As brand obsessions go, our collective love/hate relationship with airlines may be one of the most passionate and unique. It’s a perfect storm of time pressure, cost, emotional stakes, and a complete lack of control as a customer.
An airline’s product is the experience, and that experience has a laundry list of potential pain points—check-in, lost luggage, boarding, seat comfort—that can ruin the entire thing. Now, the U.S. government is throwing a shutdown-size wrench into the mix.
Due to a partial government shutdown, funding for the Transportation Security Administration has been paused. TSA workers have not been paid for more than a month, leading to staffing shortages at some airports. As both sides of the aisle point fingers and try to find a compromise, line-ups at airports are snaking so long that many airports have stopped even trying to post estimated wait times for travelers. On March 25, acting TSA head Ha Nguyen McNeill told Congress that air travelers are experiencing the highest wait times ever under the TSA.
What do you call the opposite of a brand halo? A brand anchor? That’s what this entire situation is for airlines, since their customer experience is tied directly to this shutdown funding fallout.
One airline, however, decided to step up to distinguish itself in a way we haven’t seen a brand do in a long time.
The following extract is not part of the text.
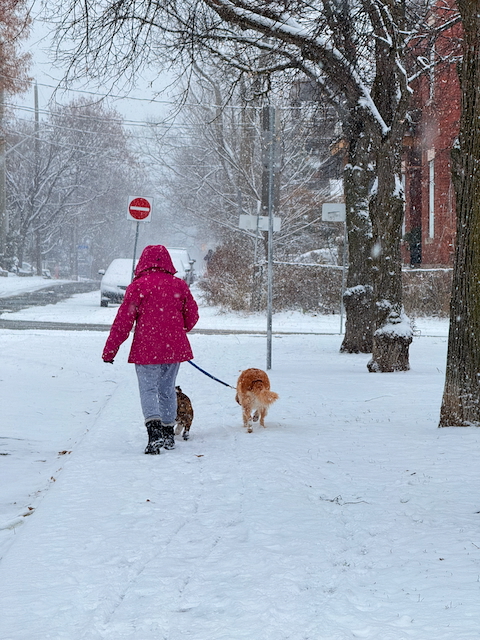 A person waling their dogs, Ottawa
On March 24, Delta announced that it was suspending its “specialty services” perk for U.S. Senators and Representatives, which gave those government employees high-touch service like escorting them past lengthy security lines and a dedicated check-in experience.
“Due to the impact on resources from the longstanding government shutdown, Delta will temporarily suspend specialty services to members of Congress flying Delta,” the airline said in a statement to Fast Company. “Next to safety, Delta’s no. 1 priority is taking care of our people and customers, which has become increasingly difficult in the current environment.”
The move follows what an “outraged” Delta CEO Ed Bastian told CNBC last week. “It’s inexcusable that our security agents, our frontline agents, that are essential to what we do, are not being paid, and it’s ridiculous to see them being used as political chips,” Bastian said.